JACKDAWS by Ken Follett
Dutton, December 2001
D-Day is fast approaching, but the German army is too strong, too well coordinated, to assure success. And if the allied invasion failed, France and continental Europe will remain under Nazi control for years. A French resistance group, led by beautiful British spy Felicity (Flick) Clairet, is assigned a critical telecommunications center as a target but run into deadly resistance. Flick decides to go back, accompanied by an all-woman group who can pose as cleaners--but she doesn't count on the German counter-espionage expert, Major Dieter Franck, who picked up the pieces of her failed raid and sees her capture as a way of rolling up much of the French Resistance.
Much of the local support that Flick has counted on is already compromised by Dieter but she has no choice but to continue.
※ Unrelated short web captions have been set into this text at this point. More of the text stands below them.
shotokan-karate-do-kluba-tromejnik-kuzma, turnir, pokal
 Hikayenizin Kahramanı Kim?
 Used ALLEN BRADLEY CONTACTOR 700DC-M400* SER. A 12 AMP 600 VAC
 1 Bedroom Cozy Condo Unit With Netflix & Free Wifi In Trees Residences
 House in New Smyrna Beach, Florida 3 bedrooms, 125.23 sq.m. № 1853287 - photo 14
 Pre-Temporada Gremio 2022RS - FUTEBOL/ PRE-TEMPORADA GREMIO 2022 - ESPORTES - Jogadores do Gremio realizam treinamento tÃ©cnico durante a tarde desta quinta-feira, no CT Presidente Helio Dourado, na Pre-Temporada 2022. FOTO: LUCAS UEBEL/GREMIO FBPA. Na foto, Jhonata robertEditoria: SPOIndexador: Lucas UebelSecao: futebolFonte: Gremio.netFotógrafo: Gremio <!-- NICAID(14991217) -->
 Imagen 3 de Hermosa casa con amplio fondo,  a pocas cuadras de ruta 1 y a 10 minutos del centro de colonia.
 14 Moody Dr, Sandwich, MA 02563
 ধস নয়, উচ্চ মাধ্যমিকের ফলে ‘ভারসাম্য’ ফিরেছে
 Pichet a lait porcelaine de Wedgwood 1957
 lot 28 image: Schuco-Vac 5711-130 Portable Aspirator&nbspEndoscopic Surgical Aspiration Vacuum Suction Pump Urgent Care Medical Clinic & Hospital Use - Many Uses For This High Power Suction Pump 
D-Day has to be close--days or hours away, and failure by either side may literally mean the difference between winning and losing the war.
The war between Britain and Germany takes on a more personal tone as Dieter and Flick try to leapfrog the other, their motivations escalating from professional to highly personal over the course of the novel. Author Ken Follett does a wonderful job making Dieter somewhat sympathetic despite the Nazi regime he supports and the methods he uses to wring the truth from his captives. In the post-September 11 period, Dieter's identification of the French Resistance as terrorists adds impact to the story in a way that Follett probably did not expect.
Follett's story-telling is so smooth that JACKDAWS becomes almost experienced, like a movie, rather than a set of words on paper. I couldn't tell you much about Follett's style--I was too involved in the story.